Thursdays
It was usually on Thursdays that I woke up and felt a little tickle in my throat. A little cough coming on. Lethargy.
Mom would leave the room and turn up the space heater in the bathroom where we got dressed in the mornings, as I’d sniffle and moan and cough louder… watching her from the corner of my eye as she finally came to the decision that I’d be staying home from school that day.
“You’ll have to come with me to the market though.”
I’d nod and say that I thought I could manage that.
Thursdays were marketing days. Like Mondays being cleaning days, Wednesdays were the farmers market days in Santa Monica, Fridays were bread baking days, and so on.

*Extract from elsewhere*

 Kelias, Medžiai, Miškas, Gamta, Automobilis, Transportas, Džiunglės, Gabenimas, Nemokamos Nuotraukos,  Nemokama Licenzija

But I was only “sick” on Thursdays.
Walking in on the right side of the market we’d have to pass by the bakery, where warm donuts and muffins, cupcakes and birthday cakes, sat in colorful rows in the cases.
By then it would be mid morning and I’d rested, watched reruns of Betwitched and The Love Boat, and eaten scrambled eggs, cinnamon toast, finished with fresh squeezed orange juice from the yesterday’s farmer’s market in Santa Monica.

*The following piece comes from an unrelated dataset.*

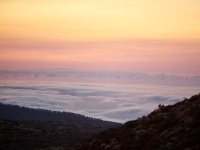 Tenerife. 
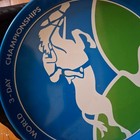 1978 Lexington Kentucky World Championship Event Horse Racing Trays Lot Of 7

I’d make myself perk up just enough, to seem well enough to push the cart for and follow her around as she checked items off her list. Her menu for the week became apparent via the ingredients piled high in our cart.
I’d mention that I was a little bit hungry in the dairy aisle….and then again, as we neared the checkout, in direct sight of the bakery counter.
Mom would look over at the bakery counter, look at me, and then like clockwork, reach in her purse with a half proud smile, knowing her prayers had worked and I had been healed. Now, my mom was NOT easily manipulated, and I still wonder if she knew I was faking sick on Thursdays so I could go to the grocery store and get a donut.
Yet, she’d still scrounge for a dollar fifty and motion me away as she put the groceries on the belt, to get myself the jelly filled sugar coated donut I had waited for all week.